• **Task goal**
Check every line of the entries for "серый", and copy the lines that hold it.
(Entries provided Opens)
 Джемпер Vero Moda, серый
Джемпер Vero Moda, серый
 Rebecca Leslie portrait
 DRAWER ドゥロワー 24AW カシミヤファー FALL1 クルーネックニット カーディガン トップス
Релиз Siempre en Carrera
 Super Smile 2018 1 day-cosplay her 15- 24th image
(Entries provided Closes)
(Entries provided Opens)
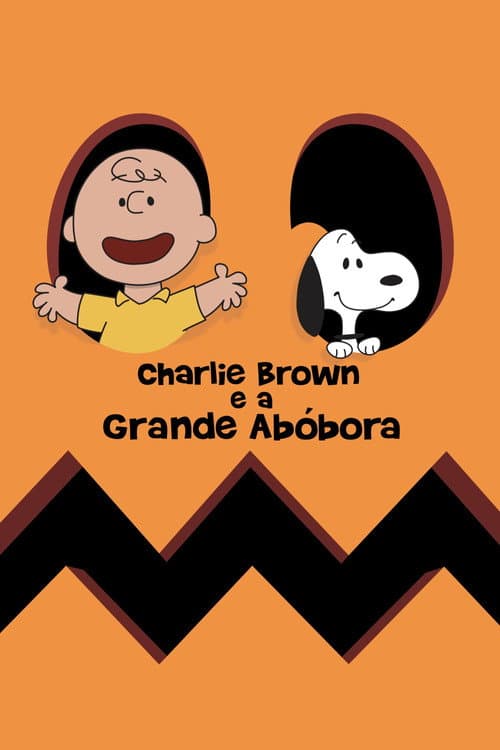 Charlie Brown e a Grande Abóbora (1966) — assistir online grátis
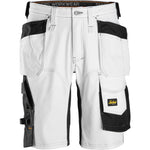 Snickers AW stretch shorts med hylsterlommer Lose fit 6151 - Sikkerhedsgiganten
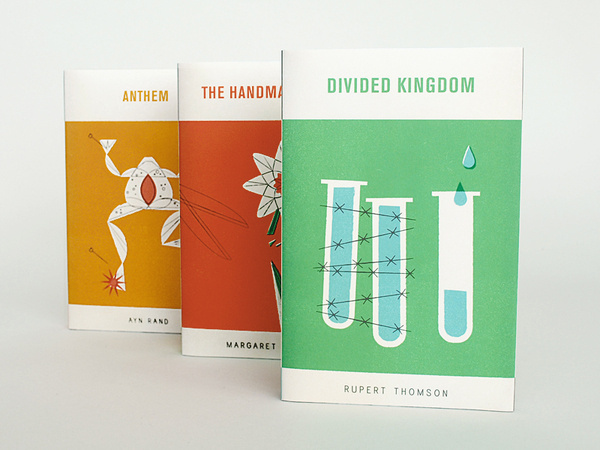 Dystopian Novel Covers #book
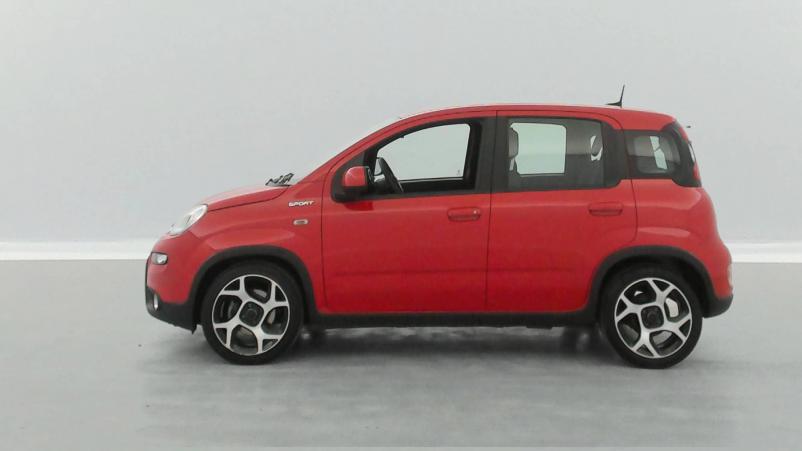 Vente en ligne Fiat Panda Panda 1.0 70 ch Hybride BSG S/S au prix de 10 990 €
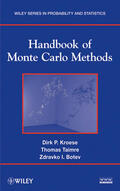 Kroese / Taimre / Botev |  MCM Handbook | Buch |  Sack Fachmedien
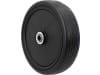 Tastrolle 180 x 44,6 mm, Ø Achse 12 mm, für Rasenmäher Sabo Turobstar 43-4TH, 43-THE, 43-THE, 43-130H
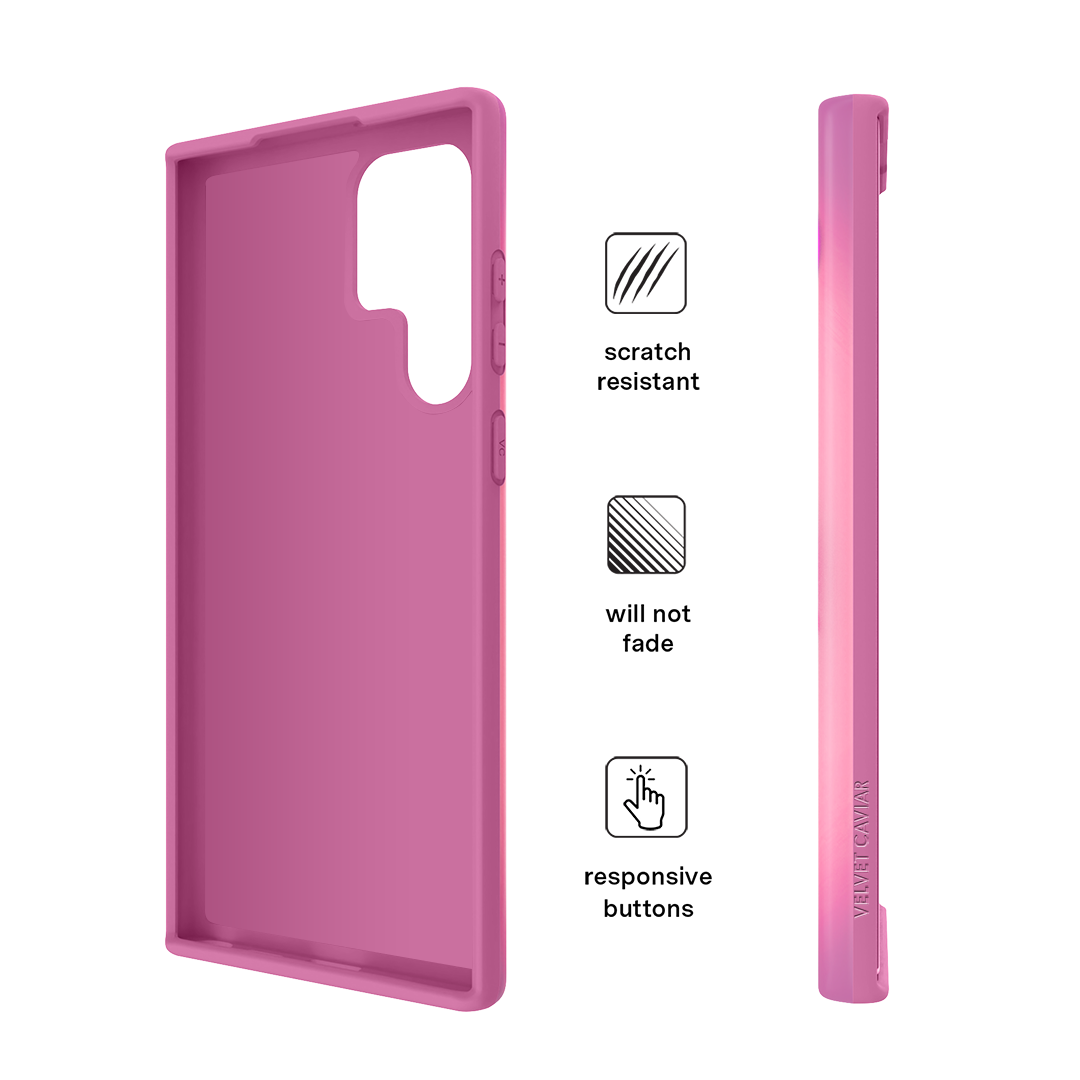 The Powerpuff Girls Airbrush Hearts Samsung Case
(Entries provided Closes)
• **Response for this exercise**
 Джемпер Vero Moda, серый
Джемпер Vero Moda, серый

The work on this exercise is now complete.